Astronomy 1L (Lab Class) Information
Mercury Orbit Project: Part 2a Link for sharing this page on Facebook
Measuring Mercury's Position Relative to the Sun
Introduction
      The "sky map" that you have plotted shows the motion of the Sun and Mercury in right ascension and declination. This shows their motion relative to the background of the stars, which are fixed in position. To see their relative positions, it is easier to use a different set of coordinates, celestial latitude and celestial longitude.
      Celestial latitude and longitude are measured in a way similar to latitude and longitude on the Earth, using the Ecliptic in place of the Equator. We can draw circles parallel to the Ecliptic, which are called parallels of celestial latitude, and perpendicular to the Ecliptic (through the North and South Ecliptic Poles), which are called meridians of celestial longitude. The celestial latitude of an object is the distance between it and the Ecliptic, measured along the meridian of celestial longitude that goes through the object. The celestial longitude is the distance between the Vernal Equinox and the meridian of longitude through the object (always) measured eastwards along the Ecliptic.
      The latitude of the Sun is always zero, since we use its motion to define the Ecliptic. Its longitude is zero on the first day of spring, and increases by 360 degrees in one year, or about 1 degree per day. The table of Solar Celestial Longitudes which you have gives the longitudes of the Sun every 4 days; you can see that the difference between the numbers is always around 4 degrees, corresponding to the average motion of 1 degree/day, multiplied by the 4 day interval.
      The latitude and longitude of Mercury are continually changing. A glance at the graph from part 1 shows that Mercury's path crosses the Sun's path in a number of places, so that it is sometimes north of the Sun, and sometimes South; this means that its latitude must be continually changing. Your sky map also shows that Mercury is normally moving eastwards along the Ecliptic, but that it occasionally turns back to the west, in some sort of looping or arcing motion. We call the normal eastward motion DIRECT motion, and the (occasional) westwards motion RETROGRADE motion, so these loops and "esses" are called retrograde loops or esses.

Measuring the Sky Map
      To measure the latitudes and longitudes of Mercury, cut a corner about 1.5 to 2 inches square from a stiff piece of paper (such as an index card), and mark the edges in degrees by lining it up with the 10-square to the inch graph paper you used for your Mercury graph. (You could also just cut out a squared-off piece of the graph paper, but aside from the difficulty of cutting it exactly midway on one of the accented lines, the graph paper is relatively thin and tends to curl, particularly after having been handled a while, making measurements more difficult. A stiffer piece of paper tends to lie flatter, making it easier to work with.) Counting the corner as 0 degrees, mark whole degrees in both directions from the corner, so you can measure along either edge of the paper. Be sure to use the same scale as on the original graph, 5 degrees per inch, with each tenth-inch square being 1/2 degree, and mark 5 degrees in each direction from the corner (you can mark it further than 5 degrees if you want, but you'll never need to measure even that far).

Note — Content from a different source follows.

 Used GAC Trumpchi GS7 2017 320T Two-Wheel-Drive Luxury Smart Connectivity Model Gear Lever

      Lay the measuring paper on your Mercury graph and move it along the Ecliptic, so that the "zero" corner is exactly on the Ecliptic and one side is exactly perpendicular (at right angles) to the Ecliptic, until the perpendicular side exactly lines up with one of the dots for Mercury. Then the longitude of Mercury can be estimated from the numbers along the Ecliptic side of the piece, and the latitude from the numbers along the perpendicular side. Note that since the Ecliptic gradually curves, and the edge of the graph paper is straight, the side of your measuring paper that is more or less "on" the Ecliptic will lie exactly on it only at the corner, as the Ecliptic gradually curves away from or toward it.

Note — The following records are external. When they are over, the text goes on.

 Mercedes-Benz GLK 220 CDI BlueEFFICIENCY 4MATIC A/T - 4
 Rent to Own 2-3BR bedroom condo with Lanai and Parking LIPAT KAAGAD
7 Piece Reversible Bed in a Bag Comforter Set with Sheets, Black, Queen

      The distance north or south of the ecliptic, measured along the perpendicular edge, is the celestial latitude of Mercury. The celestial longitude is found by measuring the distance from the corner of the paper to the NEAREST dot for the Sun, and adding that value to (or subtracting that value from) the longitude of the Sun's dot (which should be right next to it, if you've labeled the map correctly, as described at the end of part 1). If Mercury's position is to the east of the Sun, so that its right ascension is larger, then its longitude is also larger and you need to add the difference; if Mercury is to the west of the Sun then its longitude is smaller, and you need to subtract the difference. In any case, you can see which way the numbers should go by looking at the solar positions that lie on either side of Mercury; and AFTER you do the addition or subtraction, make sure you did it right by comparing Mercury's longitude to the longitudes of the solar dots on either side of it. Mercury's longitude MUST be in between the solar values; if it does not, you have added where you should have subtracted, or vice-versa.

(Example 1, Figure 1: Mercury to West of nearest Solar dot)

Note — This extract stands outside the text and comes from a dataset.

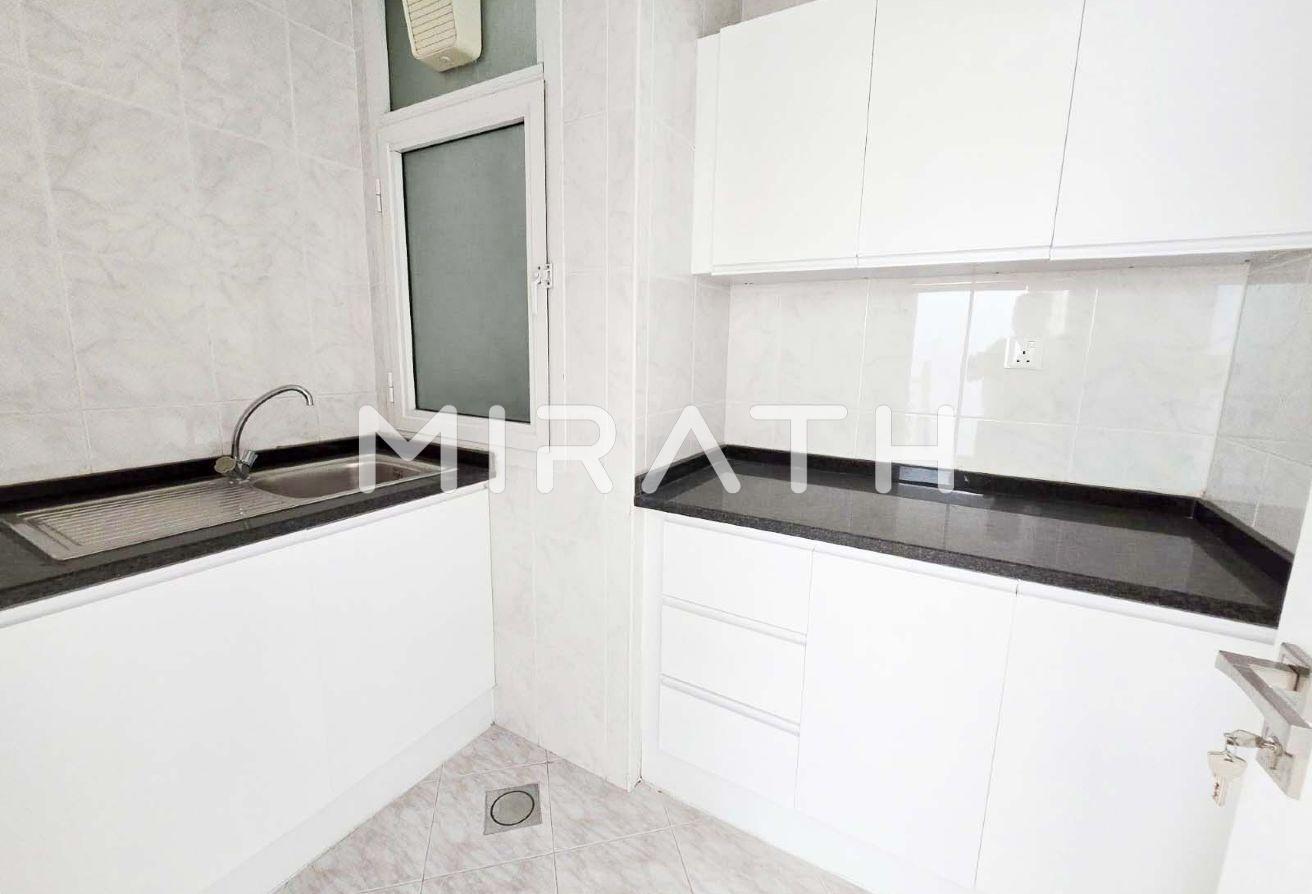 Elegant 4BR | Fully Renovated | Shared Facilities photo 11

First example of how to compare Mercury's position to that of the Sun, to obtain its celestial latitude and longitude
      In Figure 1, Mercury is 2.7 degrees south of the Ecliptic, and 1.3 degrees west of the nearest dot for the Sun (at 94.3 degrees longitude, according to the number next to it). The celestial latitude is therefore 2.7 South, exactly the same as the measured distance; and the celestial longitude is 93.0 degrees, which is the longitude of the Sun's dot, 94.3, MINUS (since the numbers get bigger to the East) the 1.3 degree difference in position. Note that the value of 93.0 is reasonable, since Mercury lies between longitude 94.3, the position of the solar dot to its east, and longitude 90.2, the position of the solar dot to its west; if you had added the 1.3 degrees to 94.3, you would have gotten 95.6, which is obviously incorrect.

(Example 2, Figure 2: Mercury to East of nearest Solar dot)
Second example of how to compare Mercury's position to that of the Sun, to obtain its celestial latitude and longitude
      In Figure 2, Mercury is 1.3 degrees north of the Ecliptic, and 0.7 degrees east of the nearest dot for the Sun (at 189.6 degrees longitude, according to the number next to it). The celestial latitude is therefore 1.3 North, exactly the same as the measured distance; and the celestial longitude is 190.3 degrees, which is the longitude of the Sun's dot, 189.6, PLUS (since the numbers get bigger to the East) the 0.7 degree difference in position. Note that the value of 190.3 is reasonable, since Mercury lies between longitude 193.6, the position of the solar dot to its east, and longitude 189.6, the position of the solar dot to its west; if you had incorrectly subtracted the 0.7 degrees from 189.6, you would have gotten 188.9, which is obviously wrong, because it doesn't lie between the two solar values.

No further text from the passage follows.